■ Your assignment ■
The answer should be an exact repeat of the stretch of material below from the line containing "Right here we've" through the line containing "Whether you're finishing".
*** Opening Provided entries ***
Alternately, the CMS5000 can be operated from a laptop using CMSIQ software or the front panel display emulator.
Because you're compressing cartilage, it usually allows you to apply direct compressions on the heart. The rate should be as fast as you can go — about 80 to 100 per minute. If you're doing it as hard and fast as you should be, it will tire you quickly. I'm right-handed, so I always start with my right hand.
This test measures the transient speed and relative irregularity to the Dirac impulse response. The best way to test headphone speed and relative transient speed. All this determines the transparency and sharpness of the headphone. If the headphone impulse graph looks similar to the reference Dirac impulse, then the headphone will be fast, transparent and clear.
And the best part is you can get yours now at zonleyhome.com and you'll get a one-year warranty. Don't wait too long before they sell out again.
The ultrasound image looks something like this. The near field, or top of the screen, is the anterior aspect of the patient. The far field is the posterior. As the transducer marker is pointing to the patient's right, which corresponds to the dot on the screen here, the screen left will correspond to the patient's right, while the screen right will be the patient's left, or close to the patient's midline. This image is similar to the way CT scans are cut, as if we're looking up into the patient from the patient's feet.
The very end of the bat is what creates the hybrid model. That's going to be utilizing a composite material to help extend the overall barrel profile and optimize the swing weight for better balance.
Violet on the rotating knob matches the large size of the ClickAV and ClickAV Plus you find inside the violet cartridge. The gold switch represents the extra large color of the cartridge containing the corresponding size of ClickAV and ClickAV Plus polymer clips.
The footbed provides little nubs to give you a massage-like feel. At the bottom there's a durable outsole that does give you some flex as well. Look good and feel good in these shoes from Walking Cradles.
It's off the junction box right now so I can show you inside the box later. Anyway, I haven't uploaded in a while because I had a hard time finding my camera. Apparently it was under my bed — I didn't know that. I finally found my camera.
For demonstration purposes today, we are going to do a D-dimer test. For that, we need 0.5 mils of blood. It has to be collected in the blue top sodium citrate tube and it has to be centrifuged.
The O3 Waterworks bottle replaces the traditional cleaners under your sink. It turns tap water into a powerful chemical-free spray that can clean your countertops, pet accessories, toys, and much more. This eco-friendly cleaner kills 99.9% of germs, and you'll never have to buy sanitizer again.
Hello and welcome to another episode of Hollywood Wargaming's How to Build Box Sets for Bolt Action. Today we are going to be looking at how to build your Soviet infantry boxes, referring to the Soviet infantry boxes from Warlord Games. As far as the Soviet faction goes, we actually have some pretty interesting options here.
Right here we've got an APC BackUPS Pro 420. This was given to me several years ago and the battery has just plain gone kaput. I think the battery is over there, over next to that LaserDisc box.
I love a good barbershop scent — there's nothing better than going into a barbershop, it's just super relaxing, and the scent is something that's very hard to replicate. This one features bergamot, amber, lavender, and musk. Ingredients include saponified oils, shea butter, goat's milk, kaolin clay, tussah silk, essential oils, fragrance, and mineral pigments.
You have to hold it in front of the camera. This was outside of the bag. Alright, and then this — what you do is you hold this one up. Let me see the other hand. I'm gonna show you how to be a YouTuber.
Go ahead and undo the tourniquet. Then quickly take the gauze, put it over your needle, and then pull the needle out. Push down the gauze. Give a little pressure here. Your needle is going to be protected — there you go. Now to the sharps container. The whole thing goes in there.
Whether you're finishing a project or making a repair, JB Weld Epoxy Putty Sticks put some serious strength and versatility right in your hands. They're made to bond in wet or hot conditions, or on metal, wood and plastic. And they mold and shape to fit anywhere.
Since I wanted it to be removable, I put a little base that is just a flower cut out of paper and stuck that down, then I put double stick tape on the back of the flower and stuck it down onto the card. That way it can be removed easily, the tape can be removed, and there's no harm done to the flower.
*** Closing Provided entries ***
■ Your response ■
Right here we've got an APC BackUPS Pro 420. This was given to me several years ago and the battery has just plain gone kaput. I think the battery is over there, over next to that LaserDisc box.
I love a good barbershop scent — there's nothing better than going into a barbershop, it's just super relaxing, and the scent is something that's very hard to replicate. This one features bergamot, amber, lavender, and musk. Ingredients include saponified oils, shea butter, goat's milk, kaolin clay, tussah silk, essential oils, fragrance, and mineral pigments.
You have to hold it in front of the camera. This was outside of the bag. Alright, and then this — what you do is you hold this one up. Let me see the other hand. I'm gonna show you how to be a YouTuber.
Go ahead and undo the tourniquet. Then quickly take the gauze, put it over your needle, and then pull the needle out. Push down the gauze. Give a little pressure here. Your needle is going to be protected — there you go. Now to the sharps container. The whole thing goes in there.
Whether you're finishing a project or making a repair, JB Weld Epoxy Putty Sticks put some serious strength and versatility right in your hands. They're made to bond in wet or hot conditions, or on metal, wood and plastic. And they mold and shape to fit anywhere.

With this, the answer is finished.